It was a case of premature anticipation of 1997, in order to accommodate a live East Coast television audience. Viewers might well have marveled at how Las Vegas, a place of disposable architecture, celebrated the future with a rite of destruction.
The 40-year-old Hacienda Hotel was mostly reduced to smoky rubble in a final curtain call that was part pyrotechnic wizardry, part functional implosion.
The celebration began at 8:53 p.m., local time, with an outrageous, six-minute fireworks display that featured more than 3,000 aerial shells. After that, the entire 600-foot facade of the Hacienda, wired with 750 more fireworks, erupted in a blazing white waterfall that cascaded from the rooftop penthouses to the ground below.
And finally, in the moment that everyone had been waiting for, a series of computer-synchronized explosions calculated to level the hotel were set off.
The building started to collapse on itself in a mushrooming cloud of dust and smoke. But when the cloud cleared, the southern wing of the hotel was still standing. No one seemed very concerned, and residents said the wing would probably be brought down by wrecking crews.

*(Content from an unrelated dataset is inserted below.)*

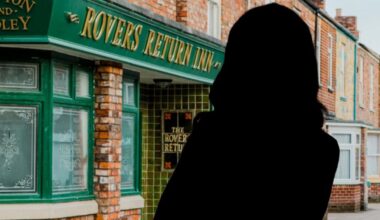 Coronation Street star broke down in tears several times on set amid exit | Soaps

Officials say the old hotel was leveled to make way for--what else?--a bigger and flashier one.
The boisterous reaction of more than 300,000 celebrants--police said it was the largest crowd ever to watch anything in the history of this city--suggested that it was a helluva lot more fun than watching a ball struggle downward.
And that’s why the residents say Las Vegas, never known for its subtlety, has become the preeminent party place to celebrate New Year’s Eve. Kenny Rogers, Mickey Rooney and Liza Minnelli were the headliner acts in the showrooms, but the real show was outside, where all those jubilant people milled about on the blocked-off Strip.
“I love the excitement and exuberance of this place,” said Tony Bruno, who had driven over from Lancaster to spend his 12th New Year’s Eve in Las Vegas. “This is a city that really enjoys itself, that really knows how to party.”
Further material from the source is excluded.